Nabilone is sometimes used for nightmares in post-traumatic stress disorder, but there have not been studies longer than nine weeks, so effects of longer-term use are not known. Nabilone has also been used for medication overuse headache.

==Side effects==
Adverse effects of nabilone include, but are not limited to: dizziness/vertigo, euphoria, drowsiness, dry mouth, ataxia, sleep disturbance, headache, nausea, disorientation, depersonalization, auditory hallucinations, and muscle weakness.

==Pharmacology==

===Pharmacodynamics===
Nabilone is a partial agonist of the cannabinoid CB_{1} and CB_{2} receptors. Nabilone binds with both higher affinity and greater efficacy than THC.

===Pharmacokinetics===
Nabilone is given in 1 or 2 mg doses multiple times a day up to a total of 6 mg. It is completely absorbed from oral administration and highly plasma protein bound but with first pass metabolism the bioavailability is 20%. Multiple cytochrome P450 enzymes extensively metabolize nabilone to various metabolites that have not been fully characterized.

==Chemistry==
Nabilone is a racemic mixture consisting of (S,S)-(+)- and (R,R)-(−)-isomers.

==History==
Nabilone was originally developed by Eli Lilly and Company; and was first approved by Health Canada in 1981; shortly followed by its approval in Mexico, the United Kingdom, and Germany. Lilly received FDA approval in 1985 to market it, but withdrew that approval in 1989 for commercial reasons. Valeant Pharmaceuticals acquired the rights from Lilly in 2004. Valeant tried and failed to get the medication approved by the FDA again in 2005 and then succeeded in 2006.

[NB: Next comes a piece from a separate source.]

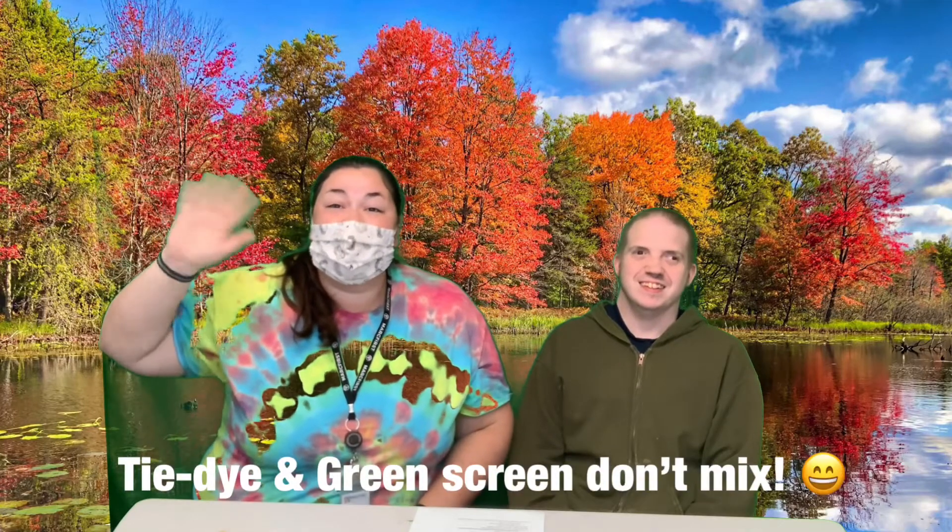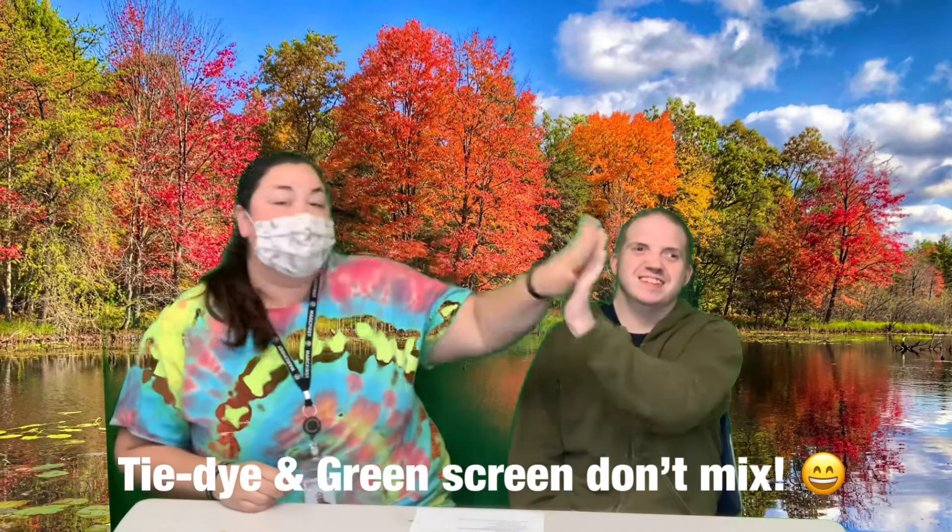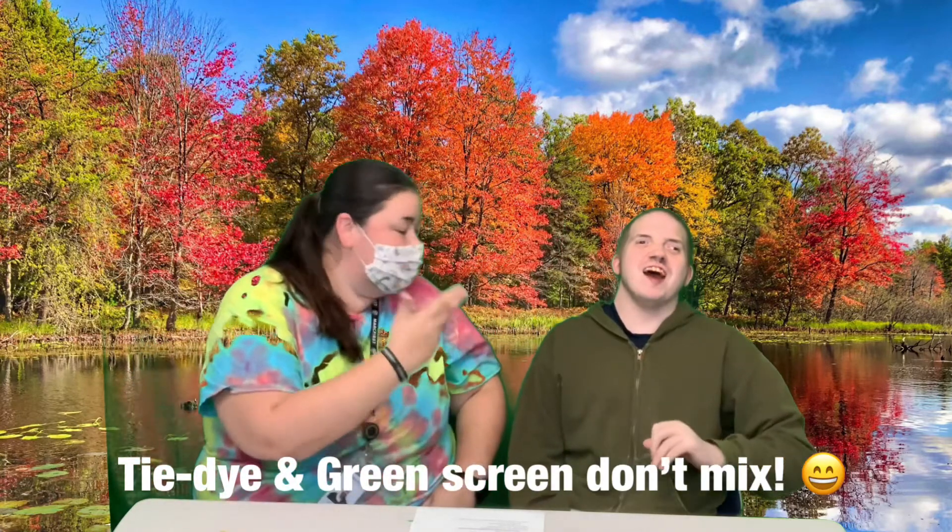Good morning, everyone! Welcome back to our Morning Mingle. This is Annie and Jeremy here to start off your Tuesday. Today is Tuesday, September 28th, and we are ready to rock and roll. So let's get started with our stretches.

In 2007, Valeant acquired the United Kingdom and European Union rights to market nabilone from Cambridge Laboratories.

Nabilone was approved in Austria to treat chemotherapy-induced nausea in 2013; it was already approved in Spain for the same indication and was legal in Belgium to treat glaucoma, spasticity in multiple sclerosis, wasting due to AIDS, and chronic pain.